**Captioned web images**
━━━━━━━━━━━━━━━━━━━━━━━━━━━━━━

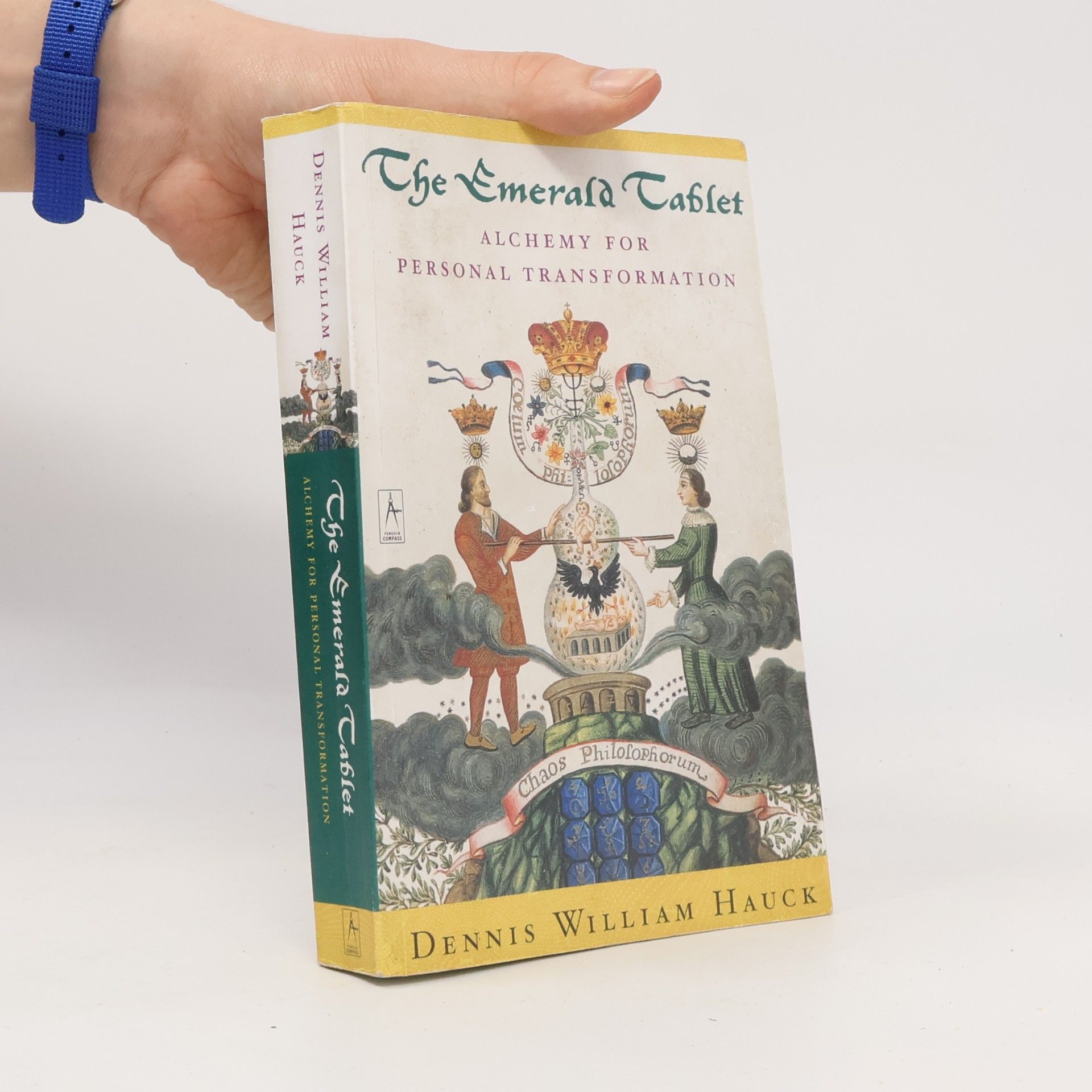 Emerald Tablet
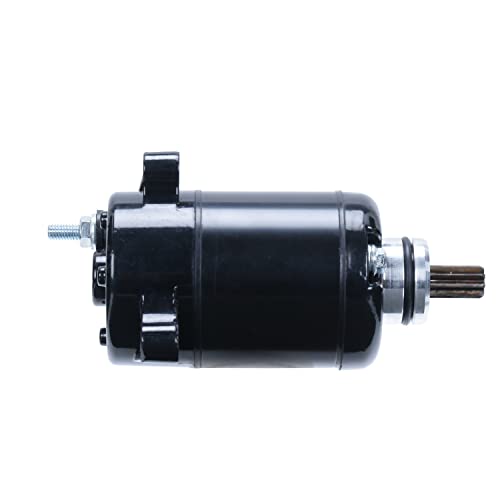 Haran Self Starter Motor Assembly Compatible for Tvs Apache 150/160/180 (All Models) - Image 2
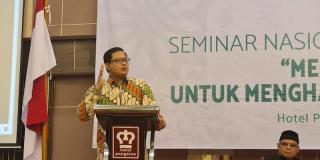 Pengamat: Koalisi Besar Itu Tidak Tahu Malu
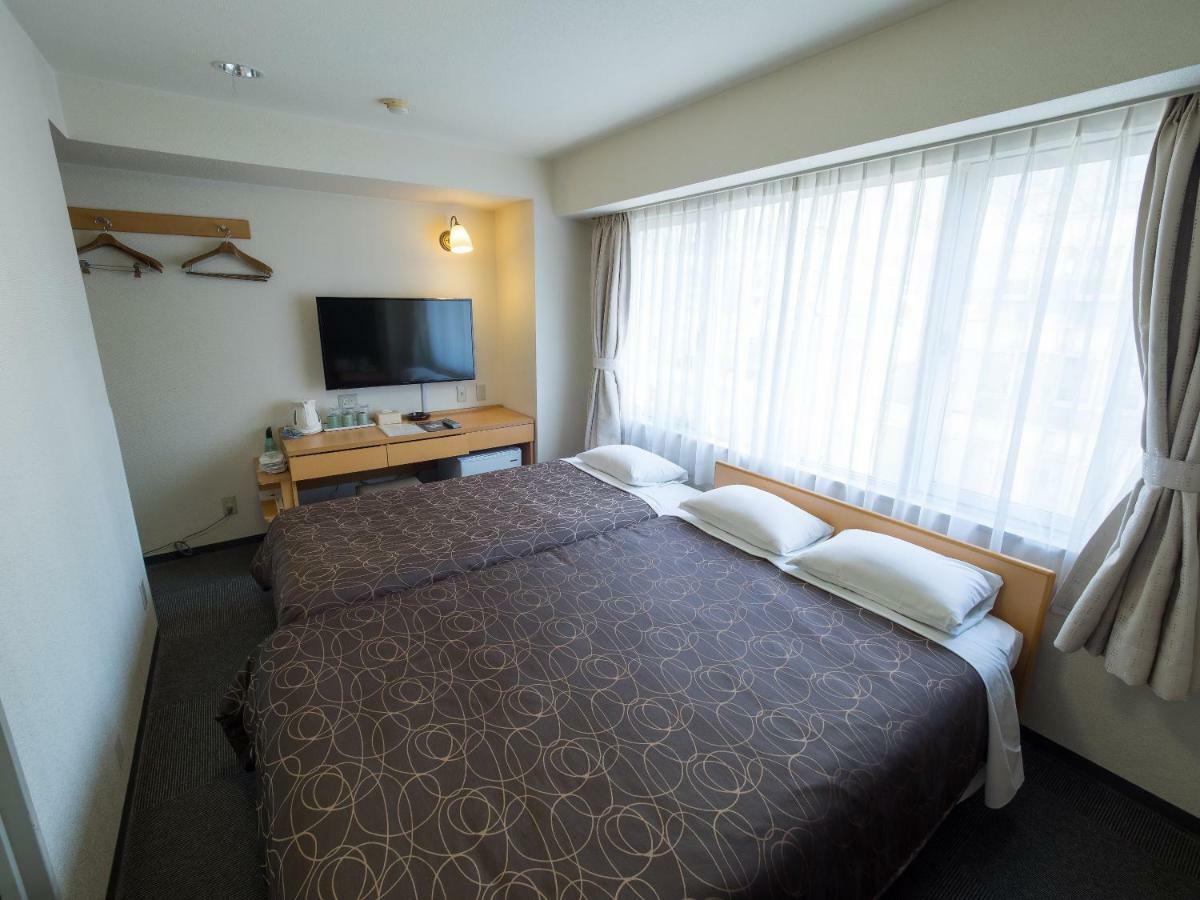 Hotel Shin Осака Екстер'єр фото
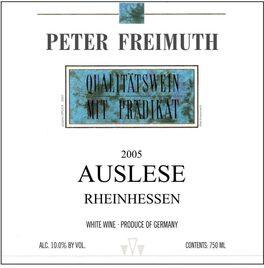 Auslese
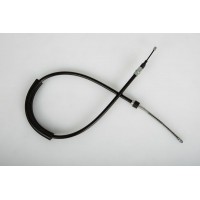 8AS 355 665-781 HELLA PAGID Тросик, cтояночный тормоз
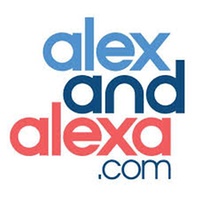 Alex and Alexa - Logo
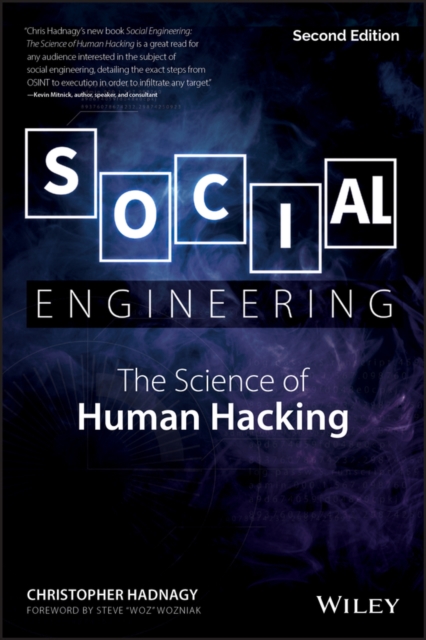 Social Engineering : The Science of Human Hacking, Paperback / softback Book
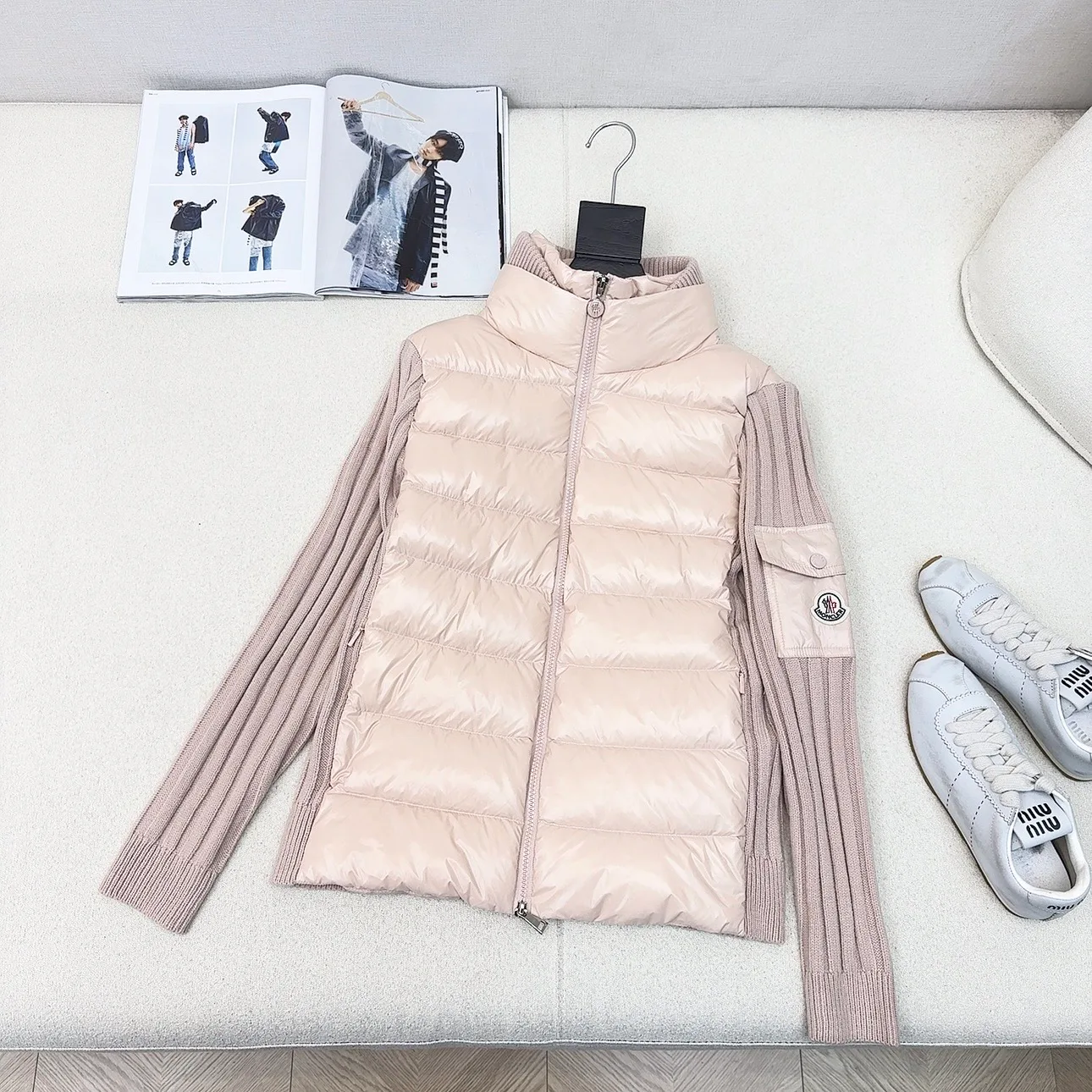 Куртки И Пуховики Мужские Moncler 1684237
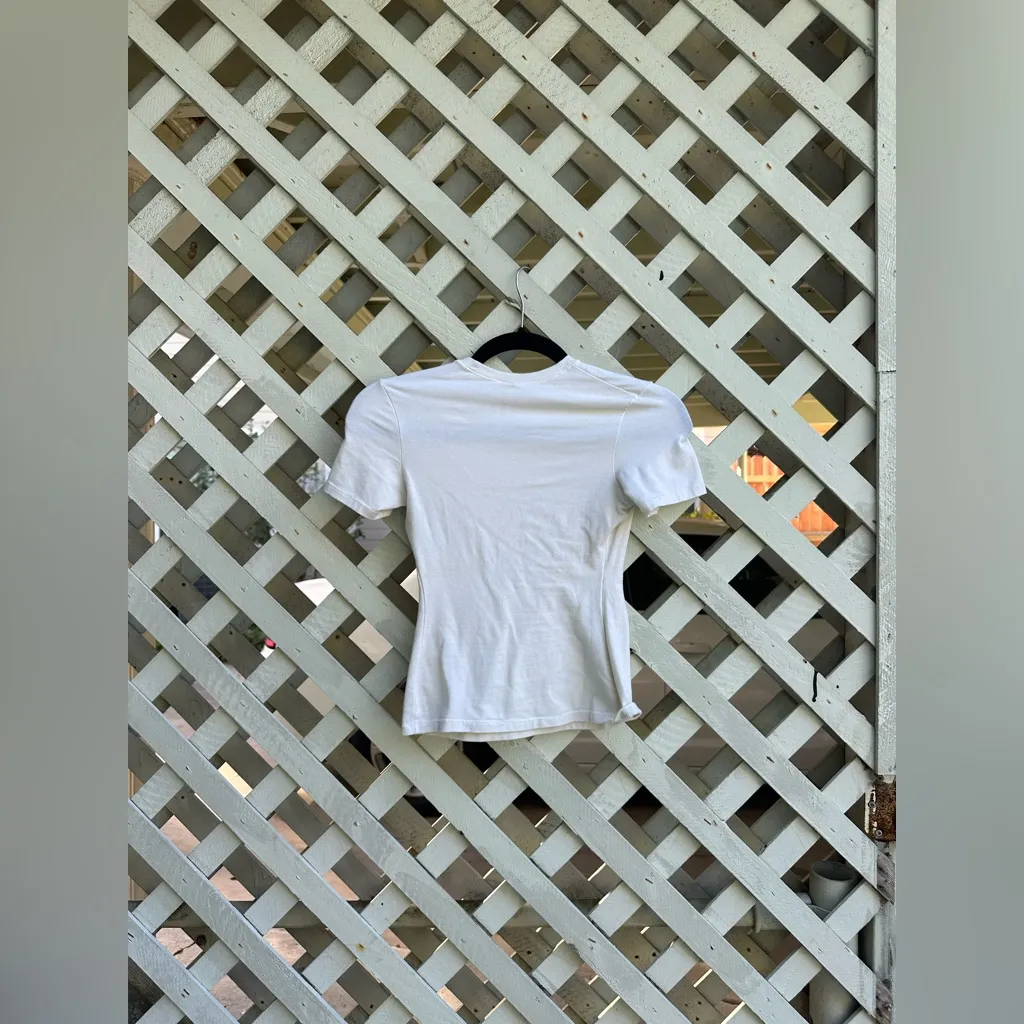 SKIMS  tee - Image 2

━━━━━━━━━━━━━━━━━━━━━━━━━━━━━━

**TRY IT**
Repeat the data word for word. Skip the pictures.

**REPLY TO THE EXERCISE**
 Emerald Tablet
 Haran Self Starter Motor Assembly Compatible for Tvs Apache 150/160/180 (All Models) - Image 2
 Pengamat: Koalisi Besar Itu Tidak Tahu Malu
 Hotel Shin Осака Екстер'єр фото
 Auslese
 8AS 355 665-781 HELLA PAGID Тросик, cтояночный тормоз
 Alex and Alexa - Logo
 Social Engineering : The Science of Human Hacking, Paperback / softback Book
 Куртки И Пуховики Мужские Moncler 1684237
 SKIMS  tee - Image 2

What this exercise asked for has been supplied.